Publications, from corporate memos to newsletters to electronic books to scholarly journal articles, must be considered first-class content on the Web, equal to the more common forms of Web pages available today. This document describes the various use cases highlighting the problems users and publishers face when these publications are to be used in a digital, Web environment. The requirements that come from those use cases provide the basis for the technical considerations in a companion document, currently entitled “Web Publications” [[wpub]].

A previous version of this document was published by the Digital Publishing Interest Group as an Interest Group Note. After the closure of that Interest Group the Publishing Working Group took it over for further work.

Introduction

The Web emerged in 1994, based on a model of individual pages loosely joined by hyperlinks. Clustering within domains and with explicit navigation elements built into them, webpages evolved into websites. Despite the Web's strong connections to print media (e.g. web resources are “pages” and the in-memory model for Web applications is the “Document Object Model”), this document argues that the web platform may still not be meeting certain requirements from print media that users desire.

Over centuries, “books” have assumed many forms: journals, magazines, pamphlets of long-form articles and essays, newspapers, atlases, comics, notebooks, albums of all sorts. We can define these different manifestations as “publications”: bound editions of meaningful media, made public.

Another form of publication that also has a long history in both the printed as well as the digital world are documents. These are publications that are written and distributed in a more ad-hoc manner, such as legal briefs, corporate memos, and even the definitions of standards, such as this content currently being read.

We believe there is great value in combining this older tradition of portable, bounded publications with the pervasive accessibility, addressability, and interconnectedness of the Open Web Platform (OWP). New models of economic sustainability and innovative experiences of knowledge depend on this.

It is the task of the W3C Digital Publishing Interest Group to explore the uniqueness, desirability, and feasibility of bringing these two great models of publishing together. This document explores requirements based on examples of real world use cases and scenarios.

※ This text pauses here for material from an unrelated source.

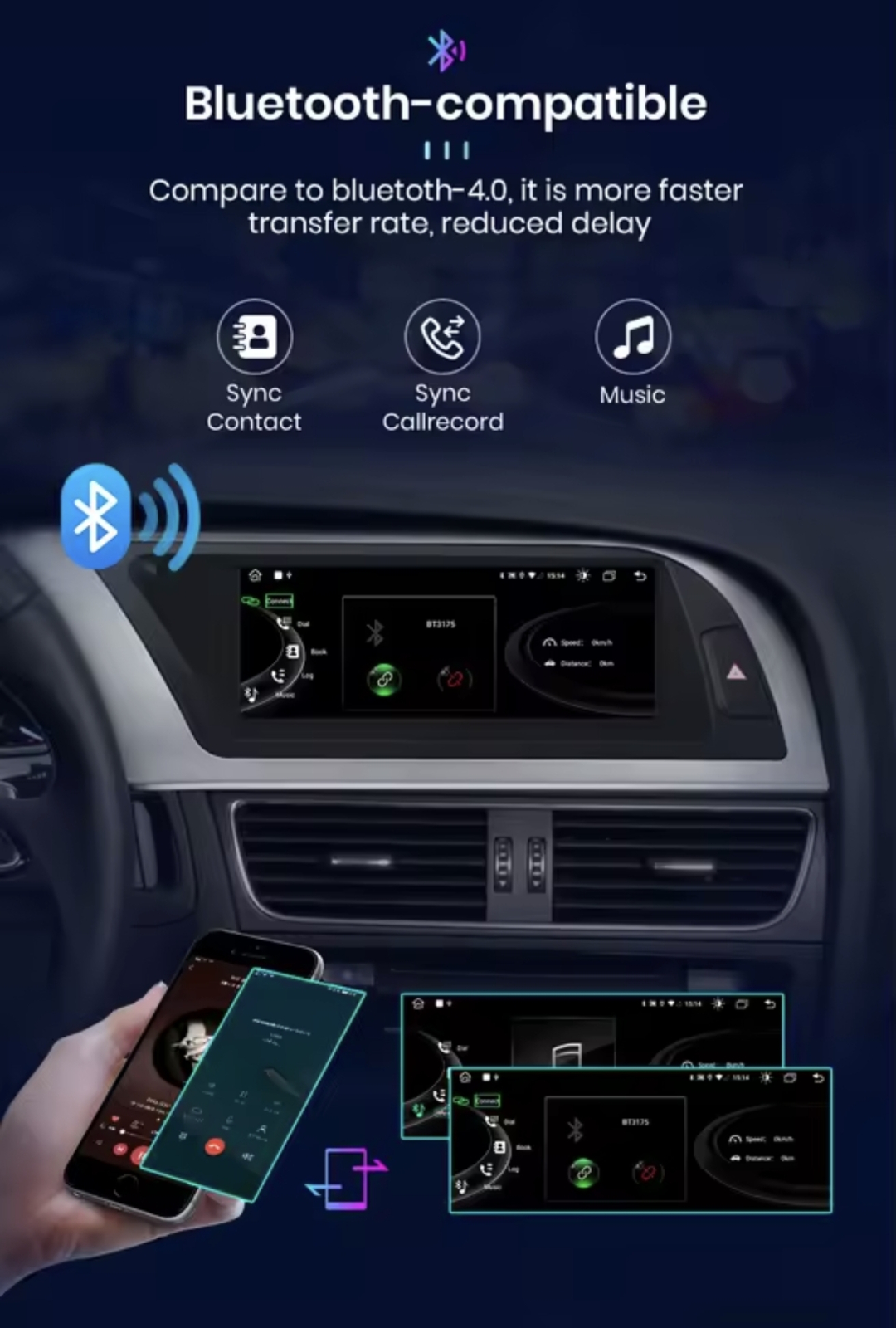 AUDI A4 A5 Q5 B8 CarPlay original ANDROID EKRAN 2DIN MULTIMEDIJA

Requirements for publications on the Web are explored first, without referring to any packaging aspect that would correspond to current practices like EPUB. This is followed by requirements of those packaging aspects, as a structure on top of a purely Web-based distribution. The complete list of requirements is also collected in a separate table in an appendix.

Terminology

Web Standards

Open Web Platform

Web Publications should be able to make use of all features offered by the Open Web Platform (OWP).

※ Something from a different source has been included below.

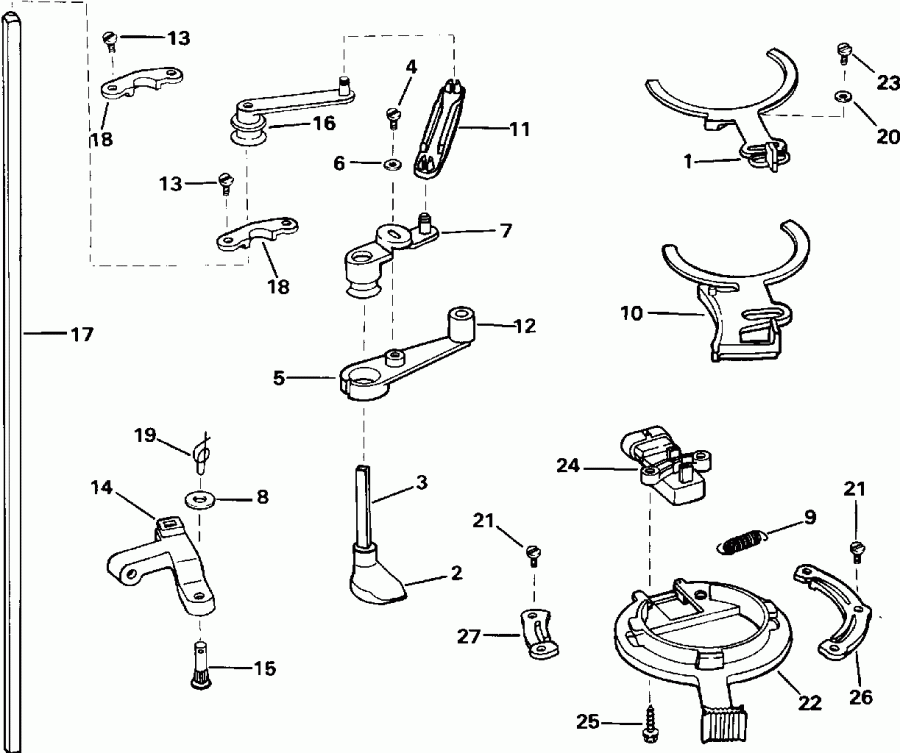��������� ��������� ������� E175NXATG 1993  - rottle Linkage - rottle ��������� ��������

There is a remarkable development of tools and frameworks built on top of OWP that make it possible to develop powerful interactive layers on top of OWP. These include, for example, data visualization systems (e.g., d3, built on top of SVG), possibilities to access external services like Wolfram Alpha, or tools to create and store (possibly as part of the publication) annotations. These tools have been traditionally developed around browsers and provide possibilities that publications should also benefit from. That requires that Web Publications become first class citizens on the Web platform.

Horizontal Dependencies

A Web Publication should conform to the requirements of all horizontal dependencies: accessibility, internationalization, device independence, security, and privacy.

Web content has to be consumed under different circumstances: it must be available to the largest possible audience in a secure manner, providing the necessary protection of the reader’s privacy. Publication content must be able to answer to a number of principles like accessibility, internationalization, device independence, security, and privacy. (These are usually referred to, in the W3C context, as “horizontal” dependencies.) These principles are, in general terms:

Accessibility:
People with disabilities should be able to access the content of a publication. They should be able to perceive, understand, navigate, and interact with it, as well as contribute to it. Accessibility encompasses all disabilities that affect access to the content, including visual, auditory, physical, speech, cognitive, and neurological disabilities.
Internationalization:
Publications should be well adapted to any language, writing systems, region, or culture. This includes the usage, when appropriate, of left-to-right, right-to-left, horizontal or vertical writing; item numbering, or interactive forms specific to local cultures; usage of the right character sets and of local typographic conventions.
Device Independence:
The content in a publication should be usable on a large number of devices with very different device characteristics: different screen types and sizes, various input modalities, varying level of processing power, etc. These different affordances should be automatic with no, or very little, user intervention.
Security:
Publications should be presented by a User Agent using a security model that is at least (if not more) secure than the standard Web security model. Doing this will prevent publications that contain malicious attacks, data theft, and other security incidents from impacting users by jeopardizing the integrity of the underlying data or machine operations.
Privacy:
The content in a publication should maintain and support user privacy, in spite of the fact that the evolution of online technologies has increased the possibility for the collection and processing of personal, and possibly sensitive, data. However, since a publication may use any part of the OWP, it may choose to use functionality such as the ability to track a user's activity within the publication.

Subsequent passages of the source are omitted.